Current Southeast students will not be required to switch schools if they don’t want to, but the district boundary change approved by the BOE means future students from within the Adams, College Hill, Jackson and Price-Harris Elementary boundaries will now attend Heights instead of Southeast.
The district will not be able to provide spring transportation to students who choose to transfer to Heights at semester, and because of special transfer rules, student-athletes will not be able to compete in varsity spring sports.
The district plans to contact families of the 260 students to notify them of their options in the next week.
Completed in 2016, Southeast is USD 259’s newest high school. The school’s functional building capacity is 1,982 students. This year, Southeast enrolled 2,192 students, the second most of any Wichita high school behind East.
Southeast staff say classrooms that were designed to hold 25 students now routinely cram in at least 35.
“Building and classroom safety due to overcrowding at Southeast is a problem that will continue to harm students and faculty at Southeast until we do something about it,” debate teacher Michael Harris told the board of education last month.
Superintendent Alicia Thompson acknowledged before the vote that the district will need to do more in the future to prevent overcrowding at Southeast.

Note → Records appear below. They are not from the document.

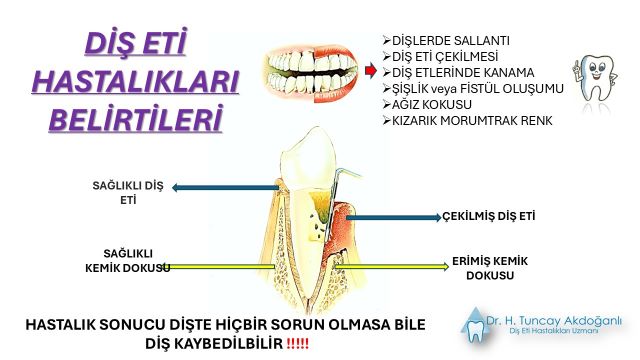 Diş kök iltihabının diş kökü ve çevre dokularda oluşturduğu enfeksiyonun şematik gösterimi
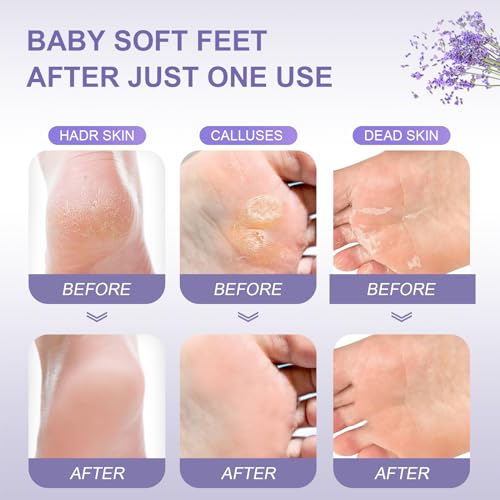 40% Off FUNNIR Foot Peeling Mask Pack for Smooth Feet - Image 4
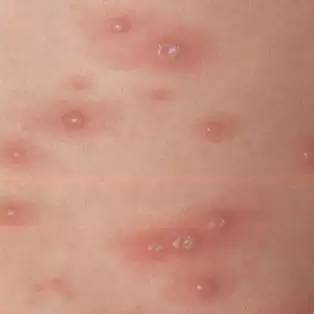 宝宝发烧与皮肤出疹子的关系 教你鉴别各类型皮疹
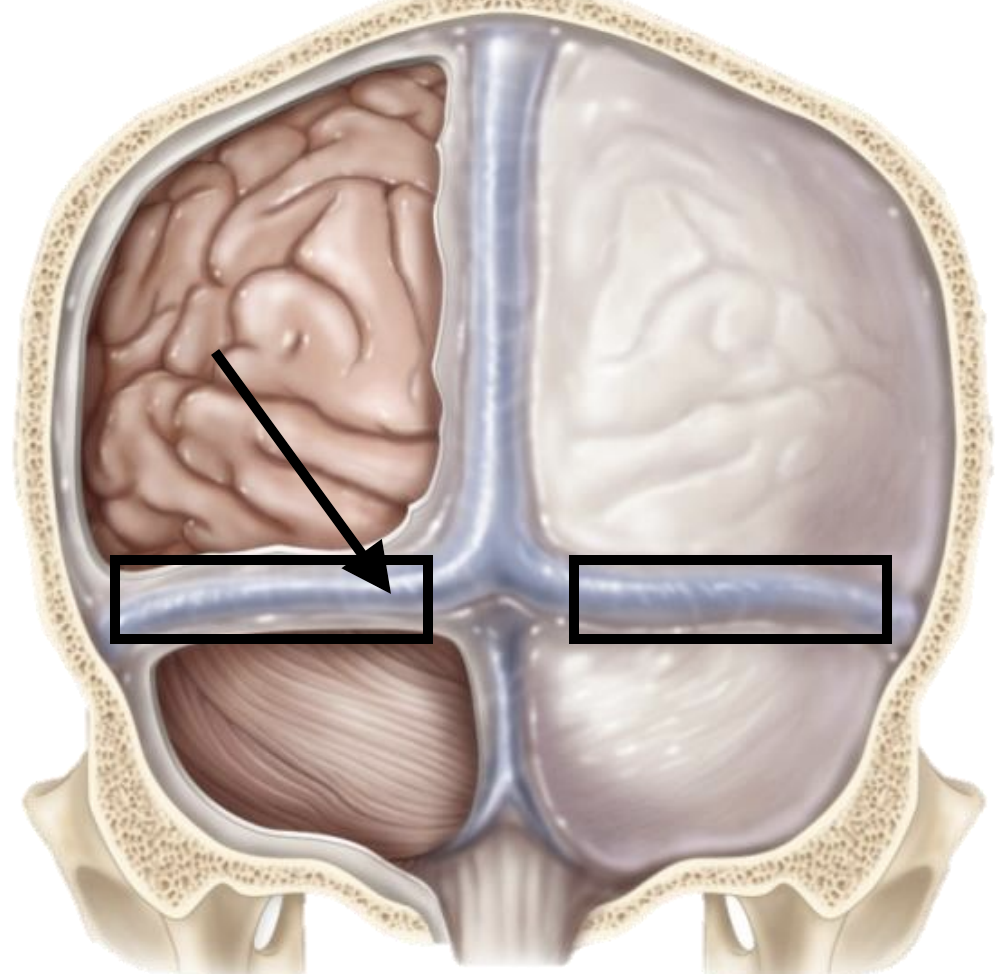 <p>Name the structure</p>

“This is definitely not the solution for Southeast. This is just something to try to do something temporarily in short-term,” Thompson said. “We know that there are definitely long-term plans that need to be made.”
The district has already approved 20 special transfers to Northeast Magnet this year, district staff said.
Before recommending the boundary change, staff held eight listening sessions with various stakeholder groups at Southeast, Heights and Northeast Magnet.